Peter Zijlstra - July 27, 2009, 8:24 p.m.
On Mon, 2009-07-27 at 09:46 -1000, Zachary Amsden wrote:
> Can you swap over NBD?  Assuming one had pinned the userspace program
> and it pre-allocated all memory so no pagein / alloc was required, would
> it be deadlock proof?  I believe there are structure allocations
> required for the socket implementation that go beyond the basic BIO
> allocations, therefore making it impossible.  In /theory/, one should be
> able to swap over this device.  In practice, it's probably a really bad
> idea.

I've got patches to make swap over network work, with those swap over
NBD works until you loose connection. NBDs great weakness (aside from
funny code) is that it does the connection management in userspace,
which makes recovering from connection loss when swapping over it
utterly impossible.
--
To unsubscribe from this list: send the line "unsubscribe linux-kernel" in
the body of a message to majordomo@vger.kernel.org
More majordomo info at  http://vger.kernel.org/majordomo-info.html
Please read the FAQ at  http://www.tux.org/lkml/
Alan Cox - July 27, 2009, 9:02 p.m.
> Can you swap over NBD?  Assuming one had pinned the userspace program
> and it pre-allocated all memory so no pagein / alloc was required, would
> it be deadlock proof?  I believe there are structure allocations
> required for the socket implementation that go beyond the basic BIO
> allocations, therefore making it impossible.  In /theory/, one should be
> able to swap over this device.  In practice, it's probably a really bad
> idea.

In practice since you mmap an object for write and the only free pages
left may be mmap write dirty pages to go to a file system it ought to be
possible.
--
To unsubscribe from this list: send the line "unsubscribe linux-kernel" in
the body of a message to majordomo@vger.kernel.org
More majordomo info at  http://vger.kernel.org/majordomo-info.html
Please read the FAQ at  http://www.tux.org/lkml/
Tejun Heo - July 28, 2009, 1:21 a.m.
Hello,

Alan Cox wrote:
>> Somehow this made me think of FUSE/CUSE... should this be named aBUSE?
>> Oh wait it is :-), what I'm after is I guess is, can we share some of
>> the FUSE/CUSE code?
> 
> It reminds me of the existing and perfectly functional network block
> device (nbd) we already have and which has also been present for years.

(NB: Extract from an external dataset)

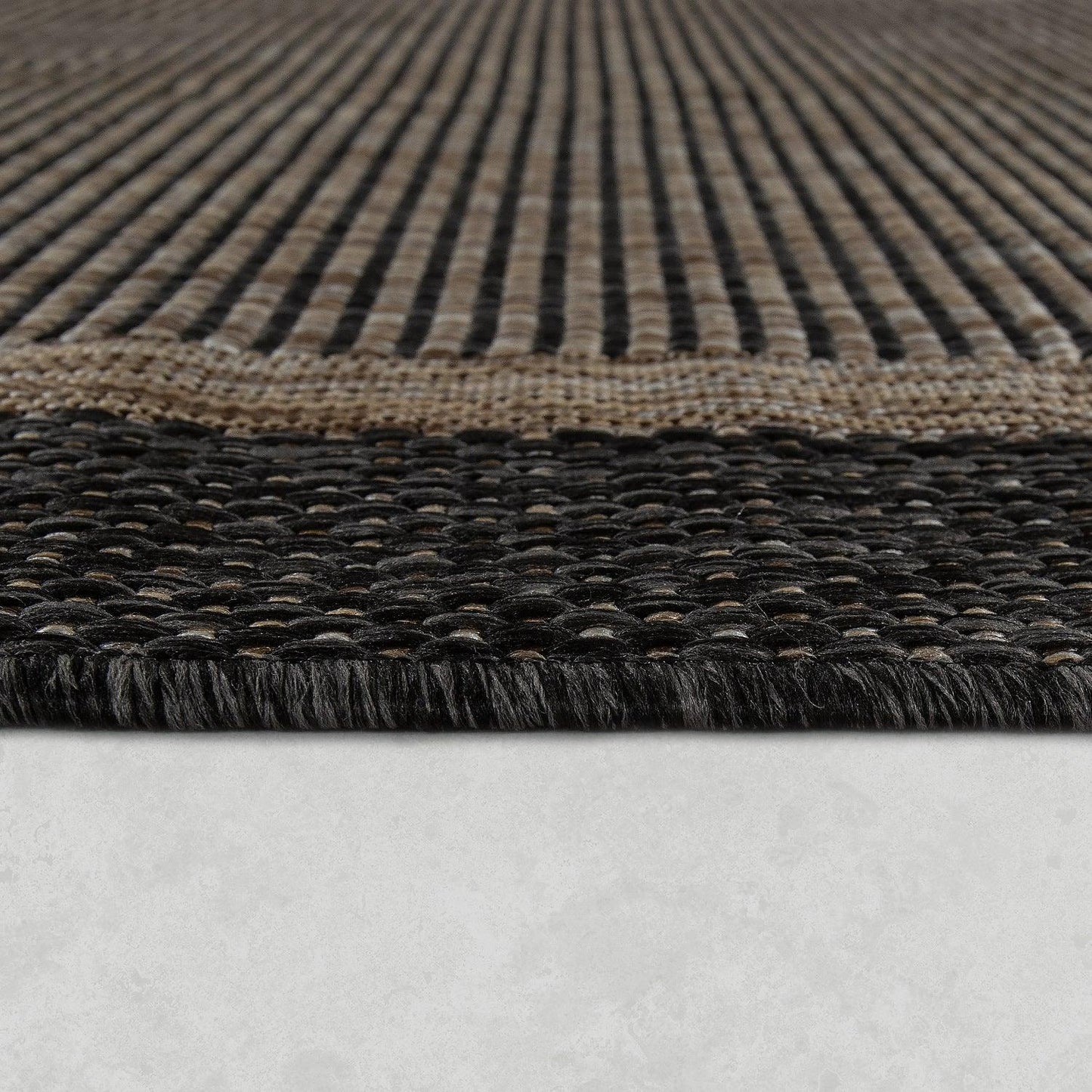 Anthracite Brown Outdoor Rug Rustic & Simple Style Bordered for Patio/Balcony - RugYourHome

Yeah, I think this is the biggest hurdle against (a)BUSE.  Is it
sufficiently different from nbd?  nbd-like functionality can be
implemented something via FUSE and maybe it can be said that things
are cleaner that way but nbd has been in the kernel for a long time
now and it's definitely much easier to do swap over it when the whole
thing is in kernel.

Thanks.
Zachary Amsden - July 28, 2009, 3:53 a.m.
Tejun Heo wrote:
> Hello,
> 
> Alan Cox wrote:
>>> Somehow this made me think of FUSE/CUSE... should this be named aBUSE?
>>> Oh wait it is :-), what I'm after is I guess is, can we share some of
>>> the FUSE/CUSE code?
>> It reminds me of the existing and perfectly functional network block
>> device (nbd) we already have and which has also been present for years.
> 
> Yeah, I think this is the biggest hurdle against (a)BUSE.  Is it
> sufficiently different from nbd?  nbd-like functionality can be
> implemented something via FUSE and maybe it can be said that things
> are cleaner that way but nbd has been in the kernel for a long time
> now and it's definitely much easier to do swap over it when the whole
> thing is in kernel.

The only real difference from this and the nbd is that the nbd is
explicitly connection oriented, while this is intentionally
connectionless.  That was an interesting property, but turned out to be
not to be the best for what I was trying to do.

I'm actually going to go ahead and use nbd instead.  All I need a block
device that supports partitions with a userspace driver.

So maybe someone will find this useful, for now it is preserved in LKML
archives and the patch should continue to apply for some time.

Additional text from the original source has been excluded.